Luego se levantó, tambaleante, apoyándose en el hombro de Abigail para conseguirlo. Sin venir a cuento, el chico bajó a cabeza, dio un pequeño traspiés y señaló al cielo con el índice. Tras ese gesto tan extraño, introdujo ambas manos en los respectivos bolsillos de su pantalón, y como si se fuese a caer hacia delante se apoyó de nuevo en los hombros de Abi. Luego sonrió y resopló, en ese mismo orden, y caminó hacia los taxis del otro lado de la plaza.
¿Qué hace el loco este? se extrañó Abigail, observando como se marchaba dando tumbos.
Abigail, aún dándole vueltas al asunto, se levantó cuidadosamente de suelo para no enredarse con la cadena de su bolso. Justo en el momento en el que se puso en pie un billete de cinco euros doblado por la mitad caía al suelo desde su hombro. Al cogerlo, y desdoblarlo, Abigail descubrió anonadada como en su interior había un número de teléfono escrito con bolígrafo rojo ocupando todo el lateral. Ella no dudó; había sido el chico quién le había dejado el billete sobre e hombro.

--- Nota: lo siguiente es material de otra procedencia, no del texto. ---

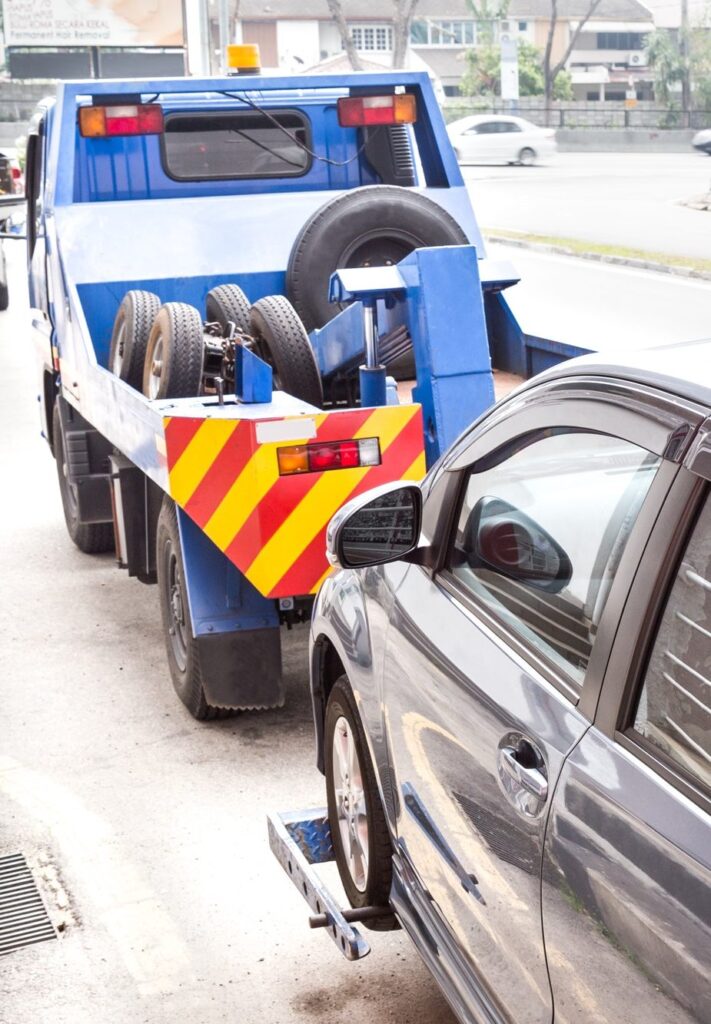 tow truck towing a broken down car on the street 1 e1632119620136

La chica contempló como aquel extraño pasaba en taxi por delante suya, casi atropellándola, en dirección al Paseo Alfonso XIII. Arrojó lo que quedaba de su cigarrillo, mirándola con suspicacia a través del cristal. Ella le devolvió una extraña mirada incrédula por lo que acababa de sucederle. El coche se saltó un semáforo en rojo y continuó hasta llegar a su destino.
Mientras tanto Abigail caminaba sola hacia su casa por las poco alumbradas y desérticas calles de Cartagena. Normalmente era incapaz de andar a ningún sitio sin escuchar música, pero aquella vez era diferente. Necesitaba analizar todo aquello, ya que aún teniendo pruebas materiales no se lo creía del todo.

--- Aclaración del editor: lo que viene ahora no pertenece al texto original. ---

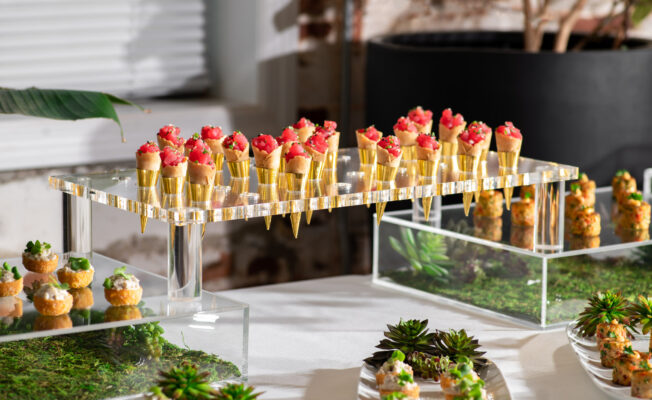 Event food station with acrylic elevation displaying tuna tartare in cones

Casi automáticamente vinieron a la mente de Abigail una serie de preguntas para las que no tenía respuesta alguna, al menos no en ese momento. ¿Sería su número de teléfono? ¿Por qué había dejado él el billete? ¿Es que acaso quería él que la chica a la que acababa de conocer le llamara?

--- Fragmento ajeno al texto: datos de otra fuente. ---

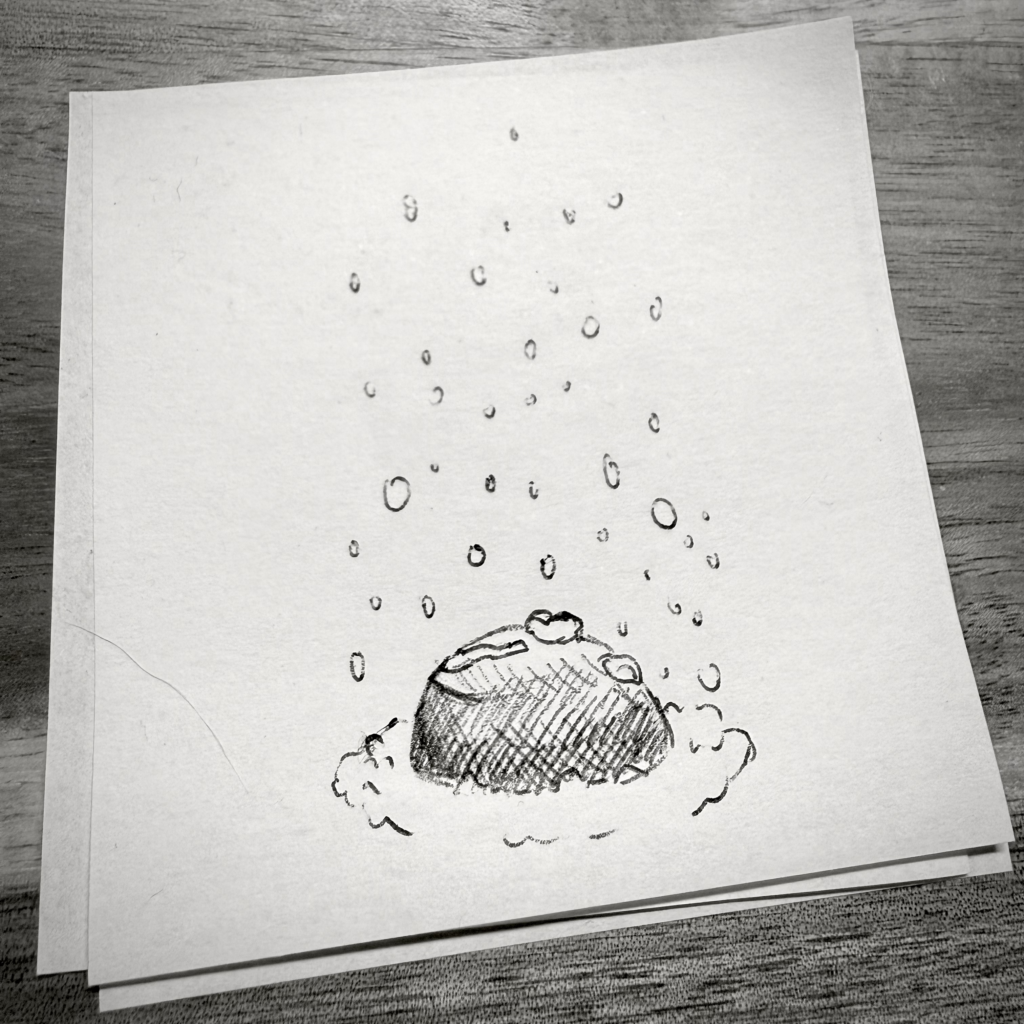 Croquis sur un post-it. Il montre de la neige qui tombe sur un caillou très légèrement enneigé, entouré de neige en cercle.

De camino a casa sólo podía pensar en una cosa; él. En sus tristes ojos azules que le costaba tanto mantener abiertos, en su pelo castaño empapado de sudor y bebidas, en ese olor a vodka barato y tequila, pero, sobre todo, en ese halo misterioso que le envolvía. Como si esa noche, él y su recuerdo se hubiesen grabado a fuego en su memoria.
Entonces se hizo una última pregunta a sí misma antes de entrar definitivamente en casa: ¿le volvería a ver algún día?